The Gulf Coast is in the news again these days, so it seemed appropriate to write about a new account of the last time disaster struck there. In Katrina’s Wake: The National Guard on the Gulf Coast, 2005 is a concise account of the Guard’s massive relief efforts. Even after five years, the numbers are hard to assimilate: more than $125,000,000,000 in property destroyed, almost 2,000 killed in Alabama, Florida, Mississippi, and Louisiana, and 80 percent of one of America’s great cities flooded. The first-person accounts of Guard personnel and the photos of flooding and rooftop evacuations by helicopter vividly conjure up those grim days.
In Katrina’s Wake was written by the National Guard Bureau’s Historical Services Division, which helps to set some of the events of that time in context.
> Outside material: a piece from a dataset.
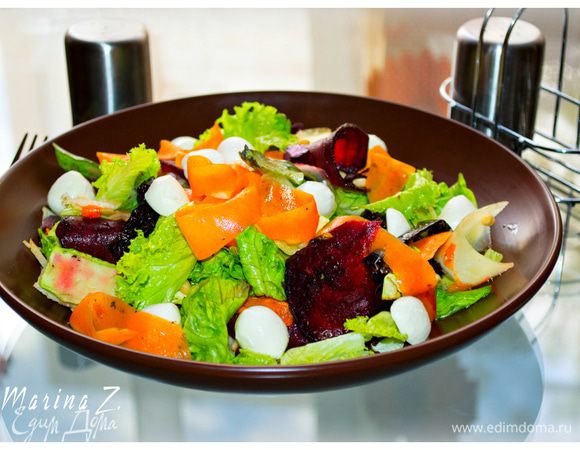 Добавить моцареллу. Полить заправкой, аккуратно размешать. Посыпать кедровыми орешками.
Приятного аппетита!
For example, I remember reading about what seemed to be a legalistic discussion as to whether the various state National Guard contingents sent to the Gulf ought to be federalized. The authors point out that keeping the various Guard units under the control of the state governors under the auspices of Title 32 allows the Guard to exercise police powers in an emergency, while the Posse Comitatus Act of 1878 prohibits the military and federalized National Guard troops from doing so. This key distinction was crucial when the New Orleans police force collapsed under the stress of disaster.
The book also highlights small moments: the flooding of the Louisiana Guard’s historic Jackson Barracks; the pathetic story of Snowball the dog and its impact on changing the “no pets” policy of the red Cross and other relief agencies; and the Ohio Guard contingent greeted by a local citizen who started unloading cans of juice and snacks from his truck to give to the Guardsmen. One Guardsman’s response: “We’re here to help you – not the other way around.”
In Katrina’s Wake is a brief but effective account of something that went right during the devastation of the Gulf Coast, when so much else went tragically wrong.